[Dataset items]
=== Begin Enclosure ===
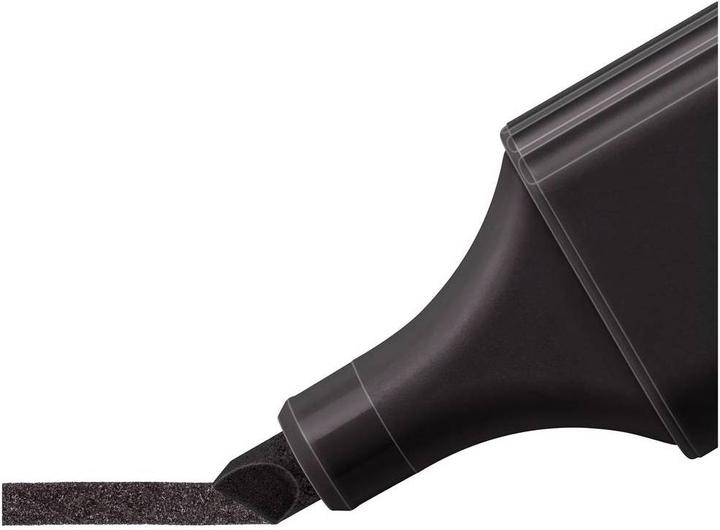 Immagine prodotto Staedtler Evidenziatore Textsurfer classic 364 C (Azzurro cielo, Sabbia, Nero, Grigio chiaro, 5 mm, 4 x)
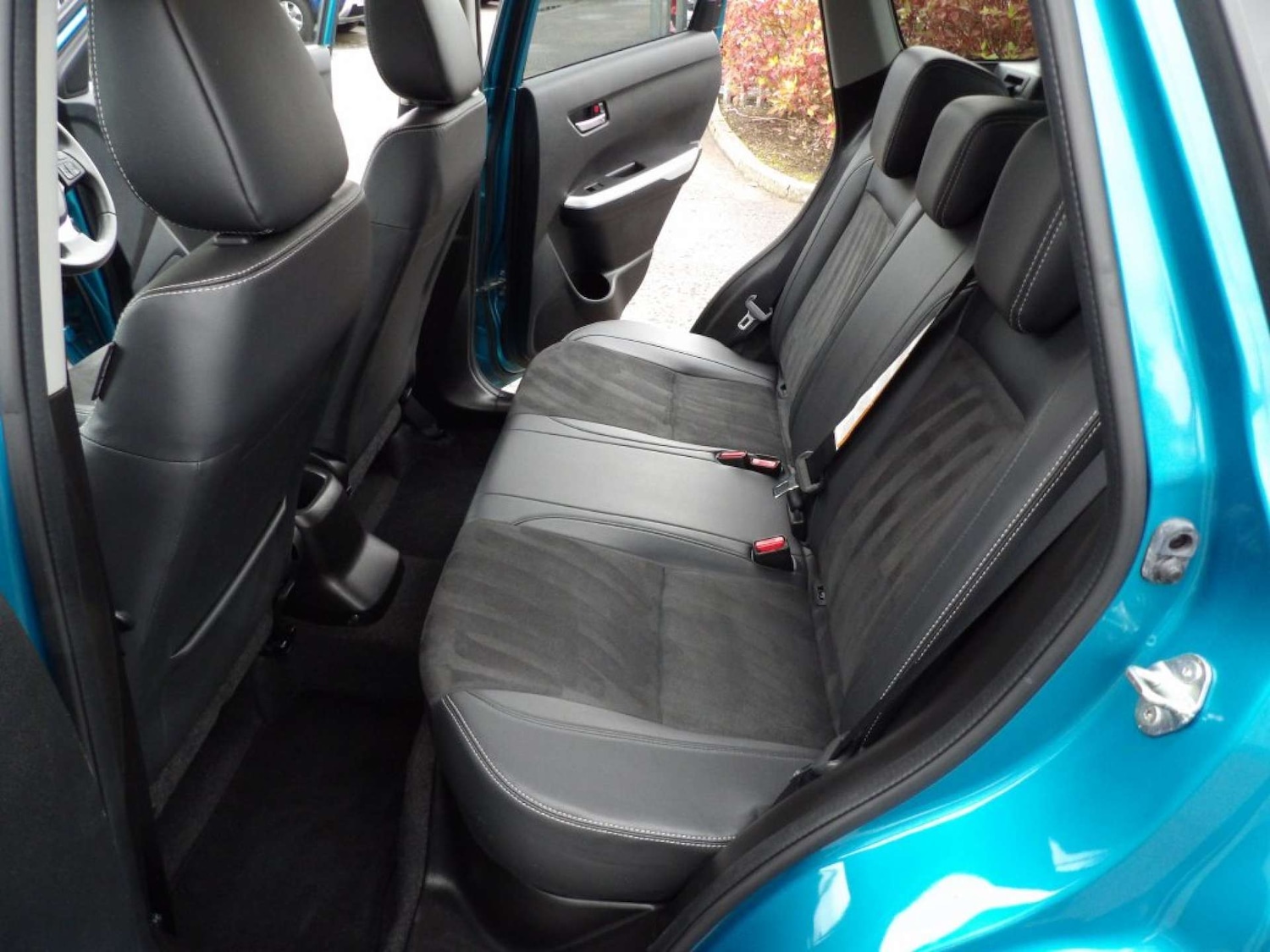 Used Suzuki Vitara 2016 for sale - 76363684: Photo 17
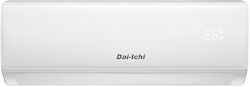 Dai-Ichi 9000 BTU A++ DHT24-09IVi/DHT24-09IVo Klimaanlagen Dai-Ichi 9000 BTU A++ DHT24-09IVi/DHT24-09IVo Klimaanlagen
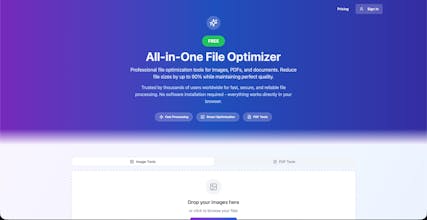 Snappy Image Surgeon gallery image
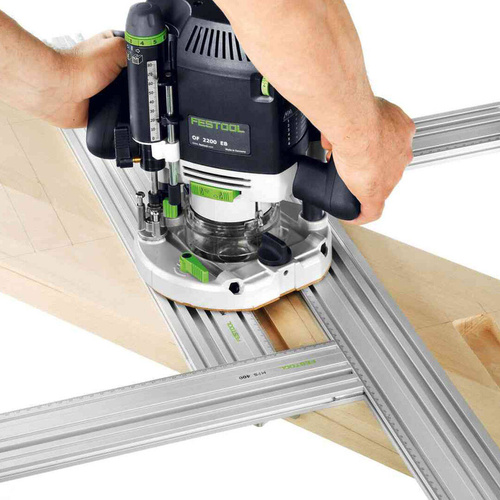 Frezarka górnowrzecionowa Festool OF 2200 EB-Set (576220)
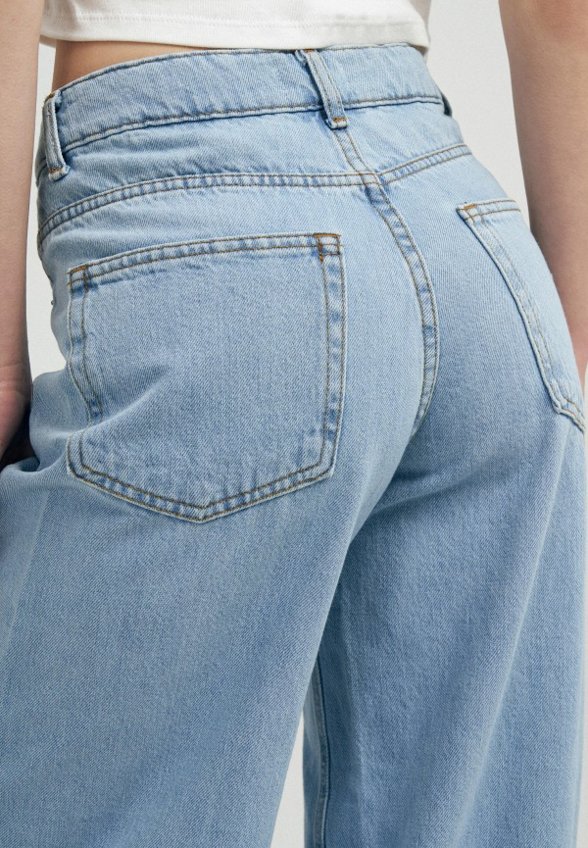 Джинсы Твое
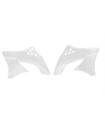 RTECH RADIATOR SCOOPS KAWASAKI KX 450 F (2009-2011)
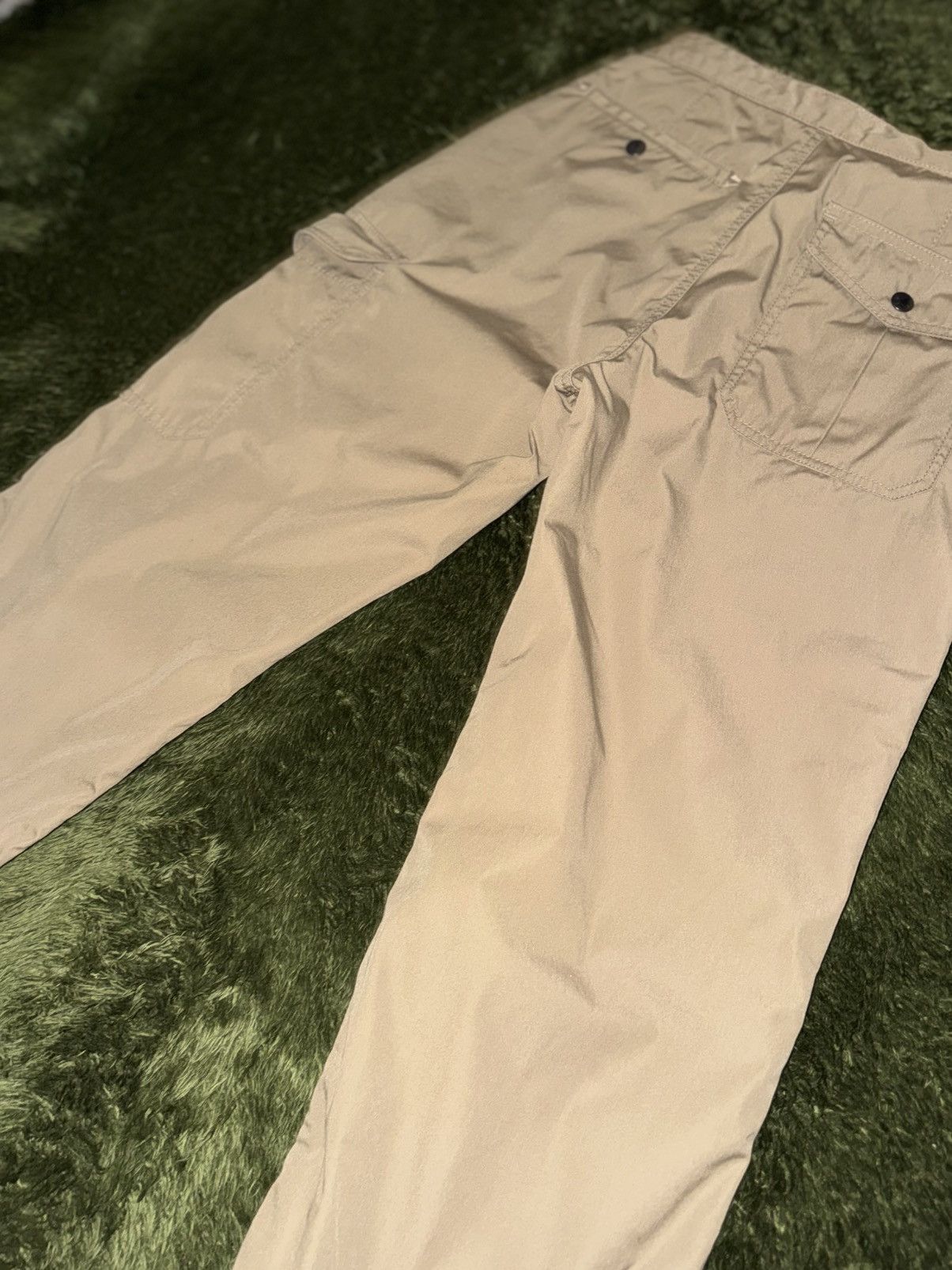 The North Face Purple Label [30] The North Face Purple Label Single Cargo Belted Pants Size US 30 / EU 46 - 11 Thumbnail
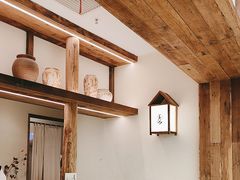 -李山山茶事(景枫店)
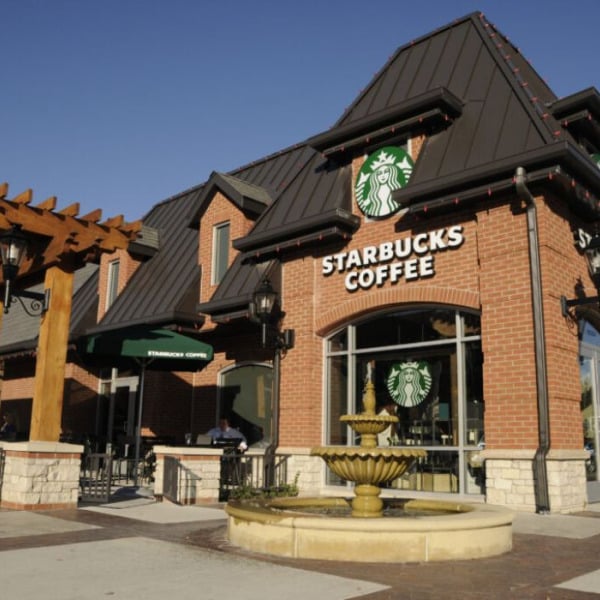 Prairie Village Shops
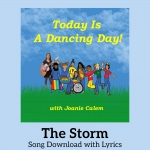 The Storm Song Download with Lyrics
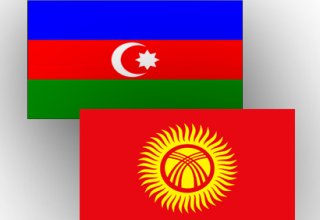 Documents signed between Azerbaijan, Kyrgyzstan approved following presidential decree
=== End Enclosure ===
YOUR OBJECTIVE:
Please print the entries shown above again, exactly, and skip the pictures.

OUTPUT OF THE TASK:
 Immagine prodotto Staedtler Evidenziatore Textsurfer classic 364 C (Azzurro cielo, Sabbia, Nero, Grigio chiaro, 5 mm, 4 x)
 Used Suzuki Vitara 2016 for sale - 76363684: Photo 17
 Dai-Ichi 9000 BTU A++ DHT24-09IVi/DHT24-09IVo Klimaanlagen Dai-Ichi 9000 BTU A++ DHT24-09IVi/DHT24-09IVo Klimaanlagen
 Snappy Image Surgeon gallery image
 Frezarka górnowrzecionowa Festool OF 2200 EB-Set (576220)
 Джинсы Твое
 RTECH RADIATOR SCOOPS KAWASAKI KX 450 F (2009-2011)
 The North Face Purple Label [30] The North Face Purple Label Single Cargo Belted Pants Size US 30 / EU 46 - 11 Thumbnail
 -李山山茶事(景枫店)
 Prairie Village Shops
 The Storm Song Download with Lyrics
 Documents signed between Azerbaijan, Kyrgyzstan approved following presidential decree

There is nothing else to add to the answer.